Your instructions:
Only the lines from the one with "Erkek Siyah Deri" onward are wanted, through the last line of the entries, set down exactly.

Source records

■ ■ ■

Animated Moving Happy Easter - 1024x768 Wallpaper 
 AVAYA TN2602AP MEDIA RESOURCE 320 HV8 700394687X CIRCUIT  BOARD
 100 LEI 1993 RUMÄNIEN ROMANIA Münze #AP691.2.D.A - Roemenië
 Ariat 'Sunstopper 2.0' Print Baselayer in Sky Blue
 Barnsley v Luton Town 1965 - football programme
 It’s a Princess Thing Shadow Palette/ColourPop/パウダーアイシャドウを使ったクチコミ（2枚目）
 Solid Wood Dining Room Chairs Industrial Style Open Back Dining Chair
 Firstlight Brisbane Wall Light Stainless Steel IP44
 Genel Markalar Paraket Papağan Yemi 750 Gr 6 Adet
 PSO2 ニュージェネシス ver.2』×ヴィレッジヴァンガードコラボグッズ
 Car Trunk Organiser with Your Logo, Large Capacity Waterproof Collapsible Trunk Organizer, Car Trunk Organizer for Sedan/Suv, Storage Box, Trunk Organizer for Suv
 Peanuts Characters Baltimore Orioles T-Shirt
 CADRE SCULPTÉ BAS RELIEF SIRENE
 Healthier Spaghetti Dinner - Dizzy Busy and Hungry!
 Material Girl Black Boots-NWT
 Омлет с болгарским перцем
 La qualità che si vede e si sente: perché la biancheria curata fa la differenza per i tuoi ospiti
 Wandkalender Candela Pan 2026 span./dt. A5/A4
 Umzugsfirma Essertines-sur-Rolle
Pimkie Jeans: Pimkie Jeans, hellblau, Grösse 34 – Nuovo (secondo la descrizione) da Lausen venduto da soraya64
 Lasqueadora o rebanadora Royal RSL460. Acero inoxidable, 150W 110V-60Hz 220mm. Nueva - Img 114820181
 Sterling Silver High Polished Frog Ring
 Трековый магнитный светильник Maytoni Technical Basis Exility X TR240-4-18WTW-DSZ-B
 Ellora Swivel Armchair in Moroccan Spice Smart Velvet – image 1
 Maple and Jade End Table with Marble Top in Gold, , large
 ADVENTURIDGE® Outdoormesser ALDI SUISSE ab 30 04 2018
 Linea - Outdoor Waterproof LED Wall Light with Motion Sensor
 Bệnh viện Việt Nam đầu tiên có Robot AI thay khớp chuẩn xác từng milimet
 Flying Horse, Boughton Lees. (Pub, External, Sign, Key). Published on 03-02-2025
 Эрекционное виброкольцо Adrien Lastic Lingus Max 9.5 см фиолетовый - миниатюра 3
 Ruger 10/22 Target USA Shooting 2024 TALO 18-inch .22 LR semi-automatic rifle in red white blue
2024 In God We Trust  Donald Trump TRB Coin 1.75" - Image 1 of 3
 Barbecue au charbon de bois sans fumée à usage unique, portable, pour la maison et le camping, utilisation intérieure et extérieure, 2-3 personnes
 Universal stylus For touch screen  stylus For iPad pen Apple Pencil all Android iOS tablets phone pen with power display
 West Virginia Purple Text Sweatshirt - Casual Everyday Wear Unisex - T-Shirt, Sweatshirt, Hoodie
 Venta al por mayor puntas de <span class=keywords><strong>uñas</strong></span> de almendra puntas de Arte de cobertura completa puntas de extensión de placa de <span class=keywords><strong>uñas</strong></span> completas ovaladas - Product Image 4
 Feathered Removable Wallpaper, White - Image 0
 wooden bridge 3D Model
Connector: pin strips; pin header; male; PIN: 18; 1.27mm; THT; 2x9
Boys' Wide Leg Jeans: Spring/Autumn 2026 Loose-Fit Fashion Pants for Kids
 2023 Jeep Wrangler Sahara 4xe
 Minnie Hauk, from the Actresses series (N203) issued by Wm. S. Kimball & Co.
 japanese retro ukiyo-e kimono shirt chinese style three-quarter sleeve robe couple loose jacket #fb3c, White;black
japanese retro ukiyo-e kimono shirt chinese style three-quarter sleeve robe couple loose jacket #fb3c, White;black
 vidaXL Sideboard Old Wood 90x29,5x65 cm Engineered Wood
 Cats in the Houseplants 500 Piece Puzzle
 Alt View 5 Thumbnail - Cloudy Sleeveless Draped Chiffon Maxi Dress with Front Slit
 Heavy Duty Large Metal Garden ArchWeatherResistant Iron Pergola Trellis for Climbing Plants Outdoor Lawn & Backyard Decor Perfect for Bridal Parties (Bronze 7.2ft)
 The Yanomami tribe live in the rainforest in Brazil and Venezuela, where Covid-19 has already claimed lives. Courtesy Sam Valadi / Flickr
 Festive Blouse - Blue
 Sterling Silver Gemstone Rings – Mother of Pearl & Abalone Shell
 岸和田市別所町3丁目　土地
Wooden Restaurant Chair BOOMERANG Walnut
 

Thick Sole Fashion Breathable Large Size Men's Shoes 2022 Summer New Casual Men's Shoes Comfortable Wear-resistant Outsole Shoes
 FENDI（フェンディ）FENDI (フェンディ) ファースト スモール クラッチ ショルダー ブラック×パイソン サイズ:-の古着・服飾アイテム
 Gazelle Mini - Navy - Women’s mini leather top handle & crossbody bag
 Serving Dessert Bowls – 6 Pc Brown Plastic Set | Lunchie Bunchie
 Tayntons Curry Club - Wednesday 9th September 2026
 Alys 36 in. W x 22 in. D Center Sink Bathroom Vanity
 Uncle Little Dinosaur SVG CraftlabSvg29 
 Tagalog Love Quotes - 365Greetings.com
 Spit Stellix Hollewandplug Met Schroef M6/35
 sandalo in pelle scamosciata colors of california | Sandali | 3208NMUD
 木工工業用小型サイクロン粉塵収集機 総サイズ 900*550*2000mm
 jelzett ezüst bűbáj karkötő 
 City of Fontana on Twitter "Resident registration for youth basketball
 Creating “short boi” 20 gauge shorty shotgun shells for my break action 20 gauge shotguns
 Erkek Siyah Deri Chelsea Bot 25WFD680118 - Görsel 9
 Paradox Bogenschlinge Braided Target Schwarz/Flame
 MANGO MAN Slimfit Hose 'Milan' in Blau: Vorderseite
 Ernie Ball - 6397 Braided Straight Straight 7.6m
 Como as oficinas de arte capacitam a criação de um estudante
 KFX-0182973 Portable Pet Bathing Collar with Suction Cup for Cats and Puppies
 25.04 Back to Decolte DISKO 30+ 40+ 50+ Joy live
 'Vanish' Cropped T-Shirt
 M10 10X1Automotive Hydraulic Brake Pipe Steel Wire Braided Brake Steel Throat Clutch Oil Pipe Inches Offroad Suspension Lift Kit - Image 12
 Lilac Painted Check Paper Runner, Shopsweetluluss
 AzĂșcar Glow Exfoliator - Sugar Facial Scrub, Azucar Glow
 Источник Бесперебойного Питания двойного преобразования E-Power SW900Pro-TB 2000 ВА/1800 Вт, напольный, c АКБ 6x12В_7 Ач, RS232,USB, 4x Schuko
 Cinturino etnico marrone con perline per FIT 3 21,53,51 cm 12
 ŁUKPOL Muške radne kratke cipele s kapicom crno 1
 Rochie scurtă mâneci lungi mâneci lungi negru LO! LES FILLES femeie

■ ■ ■

Result:
 Erkek Siyah Deri Chelsea Bot 25WFD680118 - Görsel 9
 Paradox Bogenschlinge Braided Target Schwarz/Flame
 MANGO MAN Slimfit Hose 'Milan' in Blau: Vorderseite
 Ernie Ball - 6397 Braided Straight Straight 7.6m
 Como as oficinas de arte capacitam a criação de um estudante
 KFX-0182973 Portable Pet Bathing Collar with Suction Cup for Cats and Puppies
 25.04 Back to Decolte DISKO 30+ 40+ 50+ Joy live
 'Vanish' Cropped T-Shirt
 M10 10X1Automotive Hydraulic Brake Pipe Steel Wire Braided Brake Steel Throat Clutch Oil Pipe Inches Offroad Suspension Lift Kit - Image 12
 Lilac Painted Check Paper Runner, Shopsweetluluss
 AzĂșcar Glow Exfoliator - Sugar Facial Scrub, Azucar Glow
 Источник Бесперебойного Питания двойного преобразования E-Power SW900Pro-TB 2000 ВА/1800 Вт, напольный, c АКБ 6x12В_7 Ач, RS232,USB, 4x Schuko
 Cinturino etnico marrone con perline per FIT 3 21,53,51 cm 12
 ŁUKPOL Muške radne kratke cipele s kapicom crno 1
 Rochie scurtă mâneci lungi mâneci lungi negru LO! LES FILLES femeie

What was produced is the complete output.